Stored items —
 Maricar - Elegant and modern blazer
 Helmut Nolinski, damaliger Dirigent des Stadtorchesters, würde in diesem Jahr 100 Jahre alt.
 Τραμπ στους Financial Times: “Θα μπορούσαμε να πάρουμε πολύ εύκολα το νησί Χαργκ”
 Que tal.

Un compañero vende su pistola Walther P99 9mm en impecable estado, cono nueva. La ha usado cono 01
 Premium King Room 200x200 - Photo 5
---
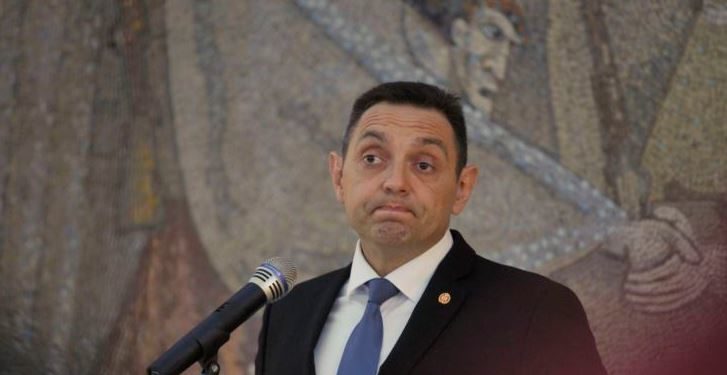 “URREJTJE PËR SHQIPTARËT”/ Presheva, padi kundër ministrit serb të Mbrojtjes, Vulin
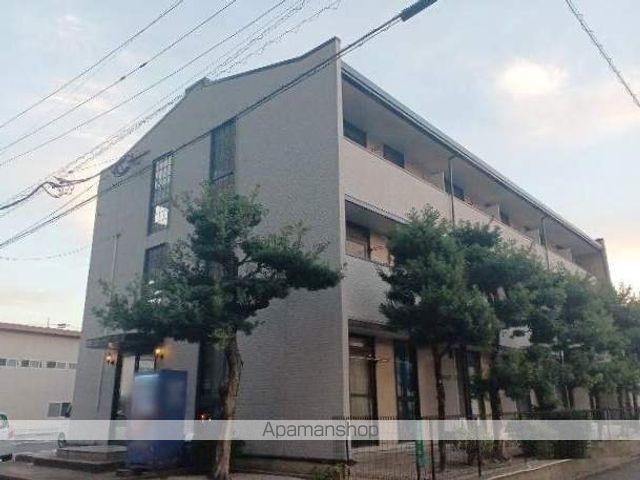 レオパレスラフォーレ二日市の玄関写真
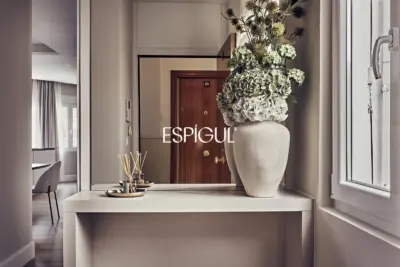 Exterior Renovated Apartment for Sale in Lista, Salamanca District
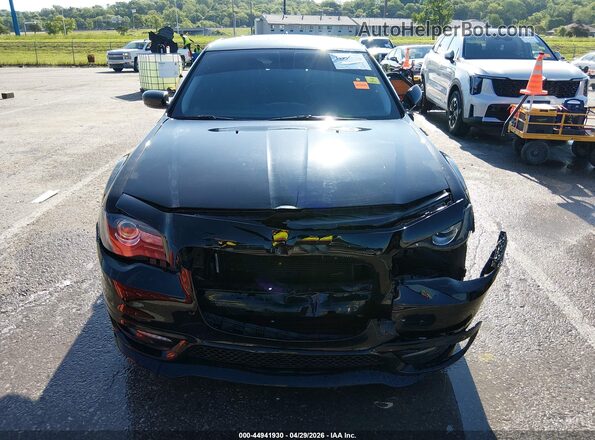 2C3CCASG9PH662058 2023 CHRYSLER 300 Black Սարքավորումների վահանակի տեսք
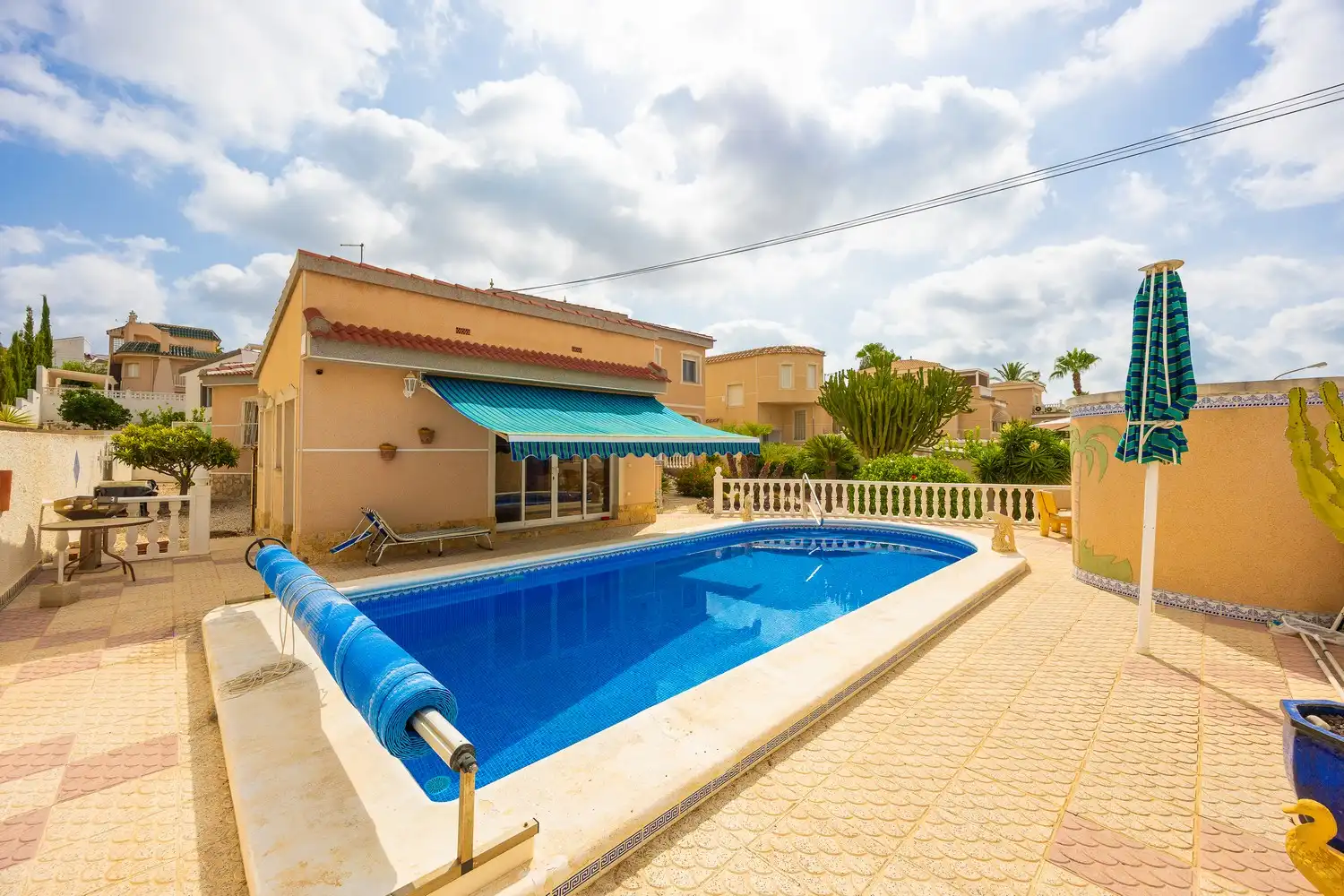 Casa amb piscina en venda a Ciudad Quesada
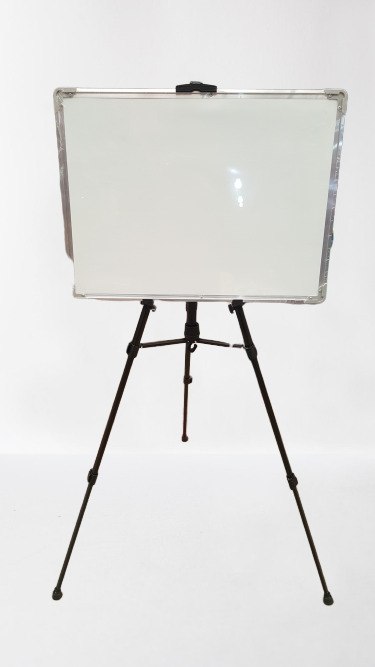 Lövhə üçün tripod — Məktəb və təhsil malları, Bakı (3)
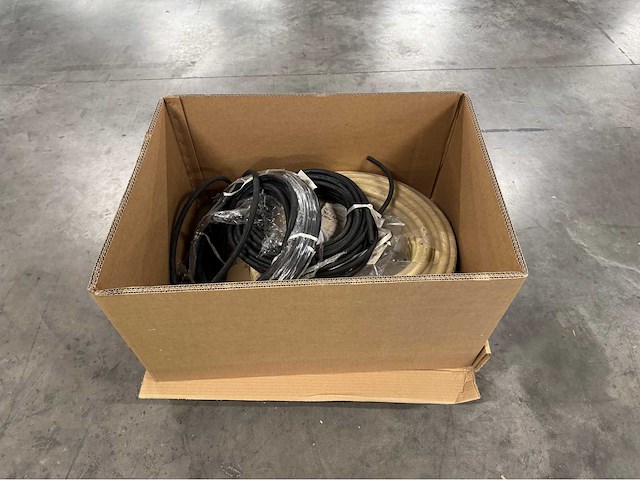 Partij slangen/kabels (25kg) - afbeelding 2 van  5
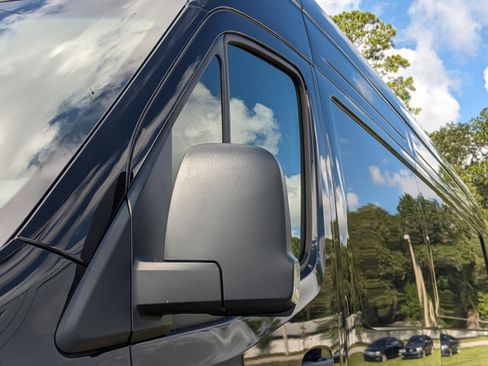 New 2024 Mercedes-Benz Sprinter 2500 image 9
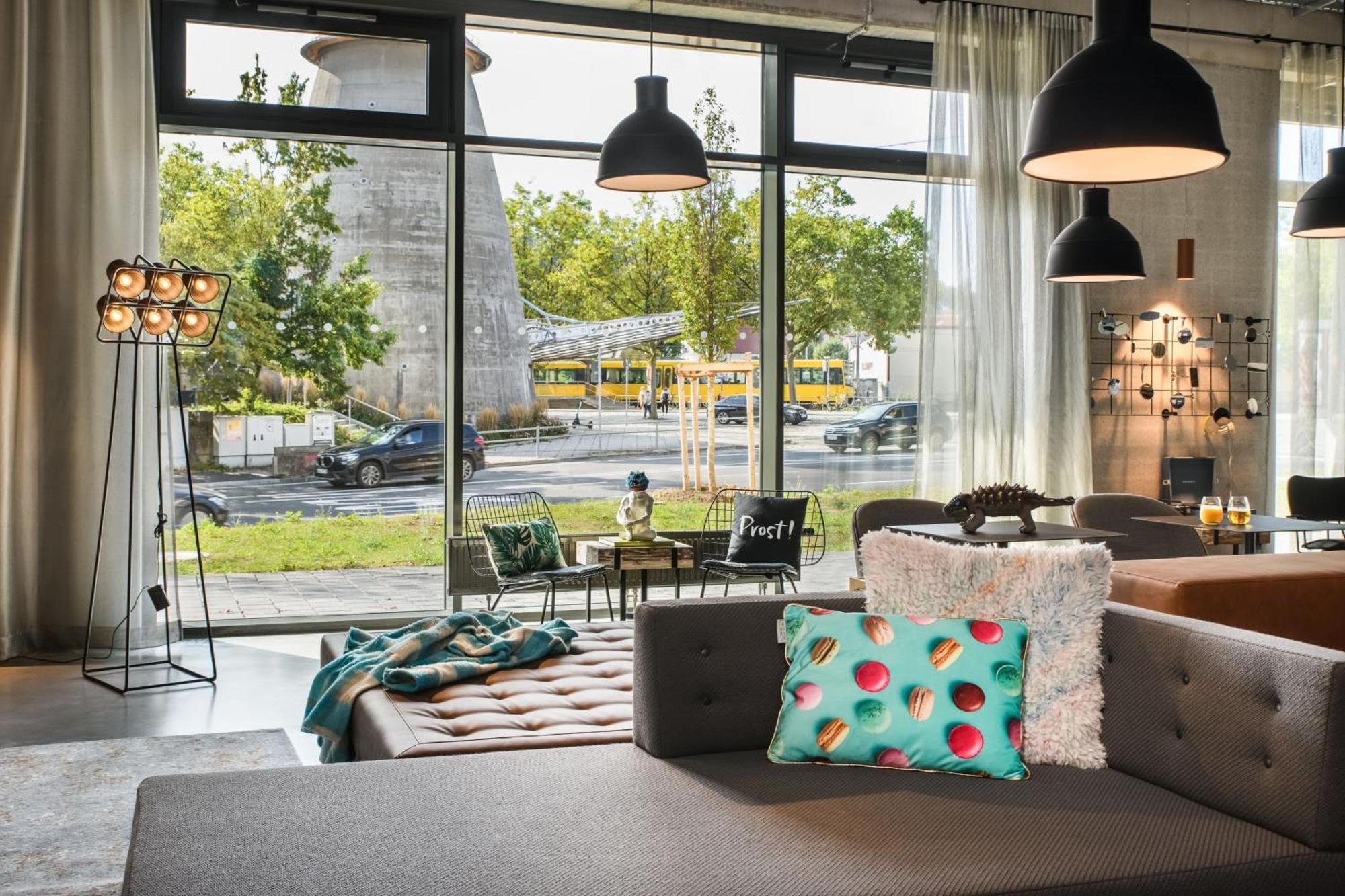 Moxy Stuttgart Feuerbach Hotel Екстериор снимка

Directions for this task — Starting with the line above that holds "2C3CCASG9PH662058 2023 CHRYSLER", restate each line word for word up to and including the line that holds "New 2024 Mercedes-Benz Sprinter 2500 image 9". Drop the pictures.

Answer space —
 2C3CCASG9PH662058 2023 CHRYSLER 300 Black Սարքավորումների վահանակի տեսք
 Casa amb piscina en venda a Ciudad Quesada
 Lövhə üçün tripod — Məktəb və təhsil malları, Bakı (3)
 Partij slangen/kabels (25kg) - afbeelding 2 van  5
 New 2024 Mercedes-Benz Sprinter 2500 image 9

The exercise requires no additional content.